● **WORK TO BE COMPLETED**
Only one span of the material below is wanted. Output it exactly, from the line with "Armani阿玛尼EA7男士2025新款春秋季国际大牌全棉圆领套头卫衣潮" through the line with "gold pattern Crafts", without any pictures.
━━ DATA EXTRACT ━━
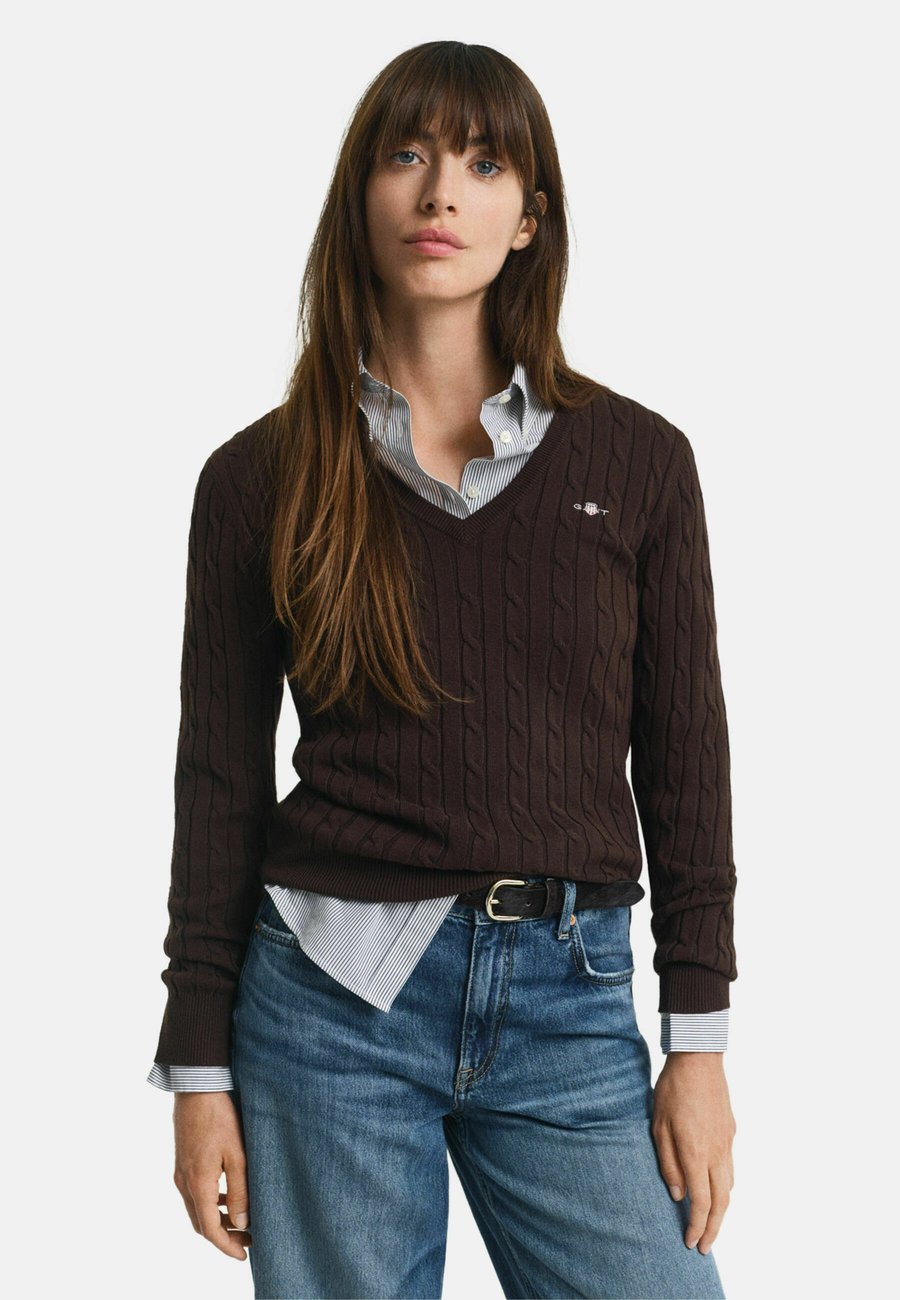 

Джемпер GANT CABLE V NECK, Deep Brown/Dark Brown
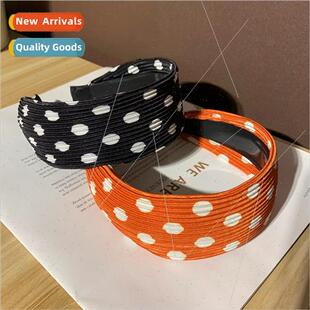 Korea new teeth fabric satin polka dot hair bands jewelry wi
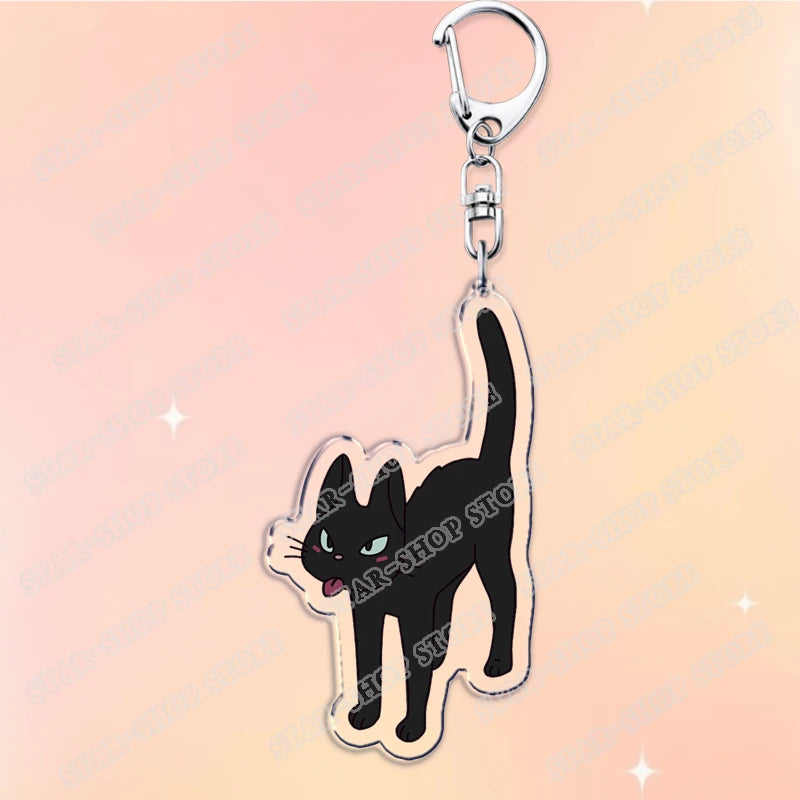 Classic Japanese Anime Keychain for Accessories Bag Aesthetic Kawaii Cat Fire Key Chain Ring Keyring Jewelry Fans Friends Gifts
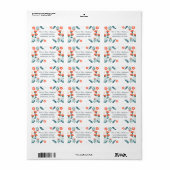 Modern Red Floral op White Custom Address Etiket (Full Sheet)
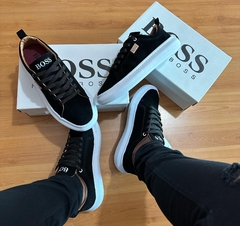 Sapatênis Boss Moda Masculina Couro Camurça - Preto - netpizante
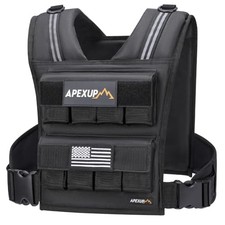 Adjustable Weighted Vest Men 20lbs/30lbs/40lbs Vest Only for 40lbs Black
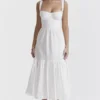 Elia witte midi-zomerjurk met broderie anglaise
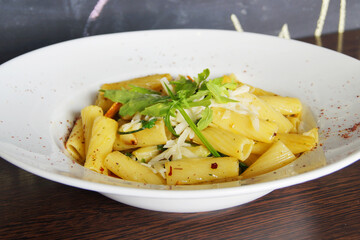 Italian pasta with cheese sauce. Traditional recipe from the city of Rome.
━━━
━━ DATA EXTRACT ━━
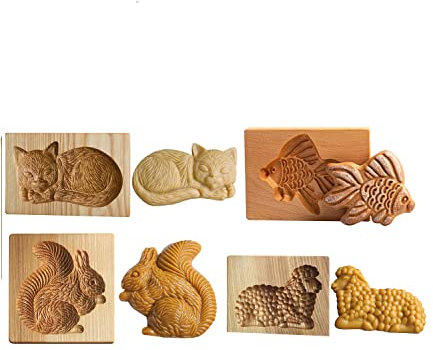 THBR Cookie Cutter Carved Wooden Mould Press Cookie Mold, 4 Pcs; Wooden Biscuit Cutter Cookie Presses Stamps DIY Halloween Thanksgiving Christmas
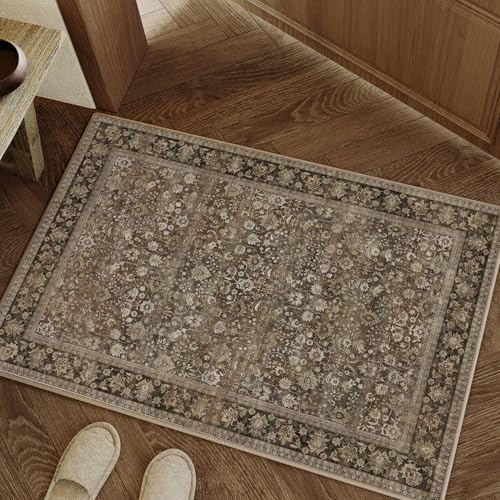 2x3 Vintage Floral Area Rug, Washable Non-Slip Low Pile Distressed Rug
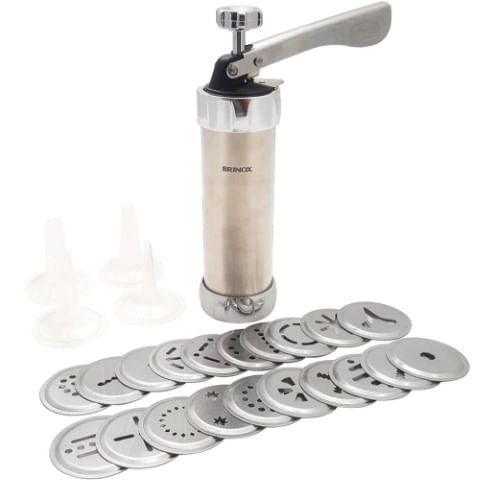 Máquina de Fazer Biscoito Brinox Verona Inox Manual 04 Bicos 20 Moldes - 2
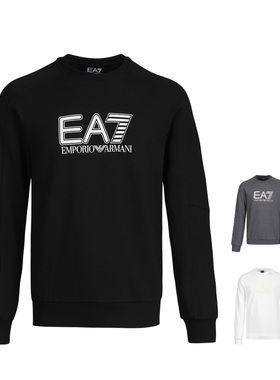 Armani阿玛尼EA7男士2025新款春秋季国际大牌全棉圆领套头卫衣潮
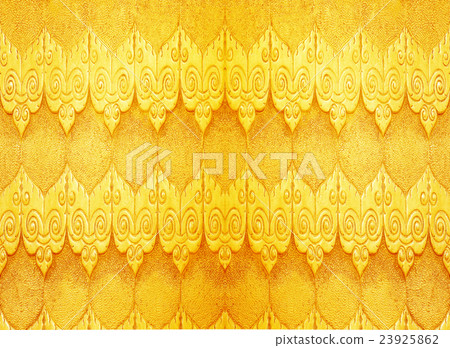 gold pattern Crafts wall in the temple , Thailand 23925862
━━━
━━ DATA EXTRACT ━━
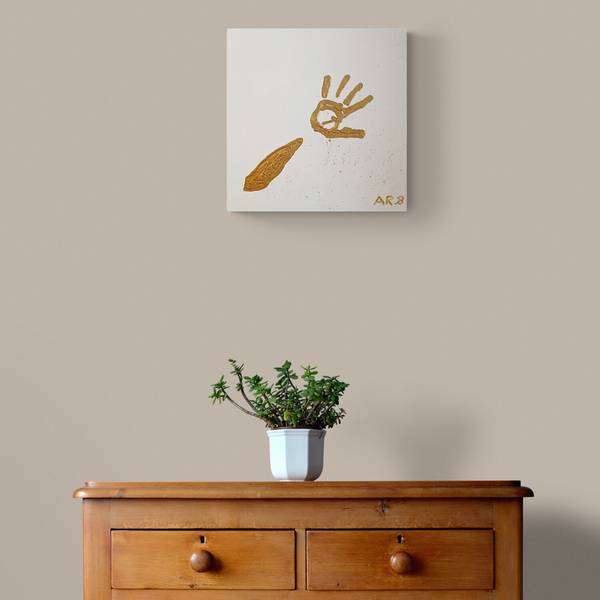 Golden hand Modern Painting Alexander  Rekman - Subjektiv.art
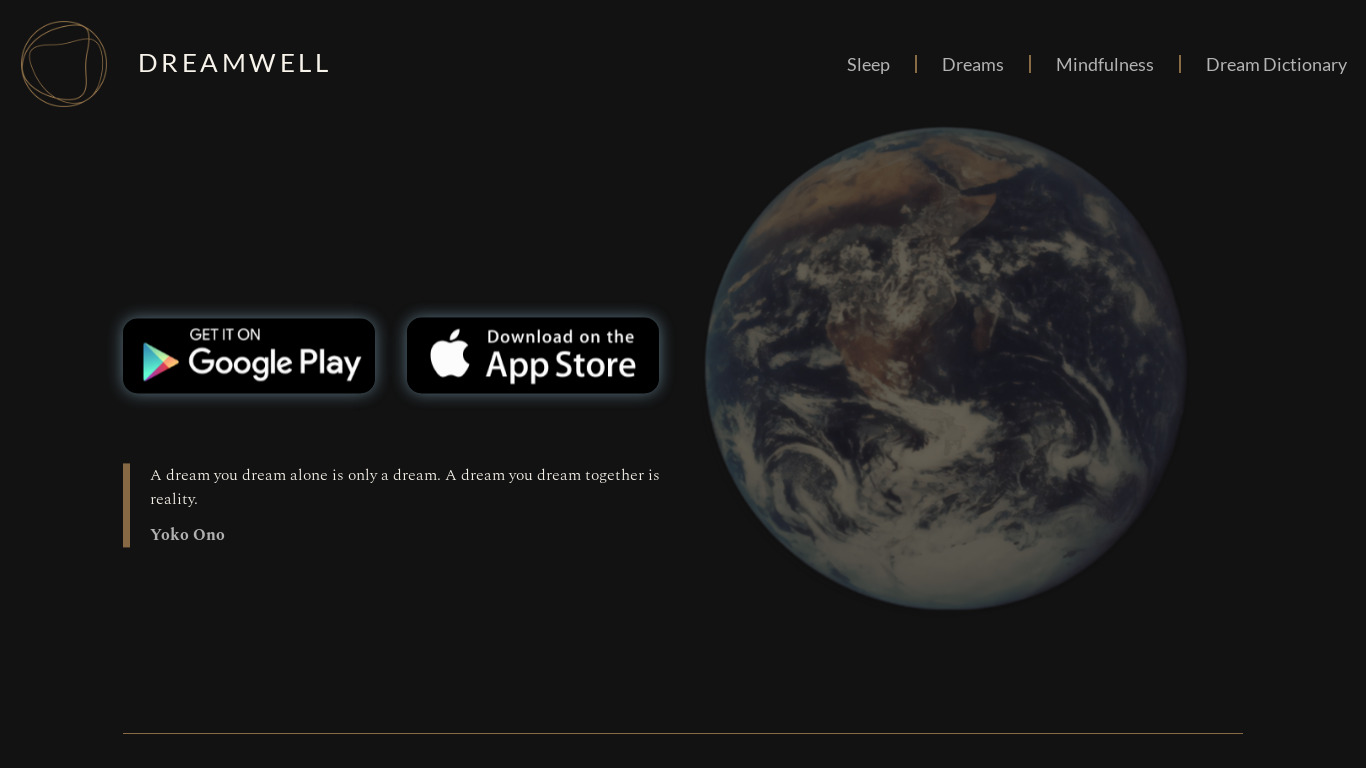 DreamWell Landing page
━━━
● **REPLY**
 Armani阿玛尼EA7男士2025新款春秋季国际大牌全棉圆领套头卫衣潮
 gold pattern Crafts wall in the temple , Thailand 23925862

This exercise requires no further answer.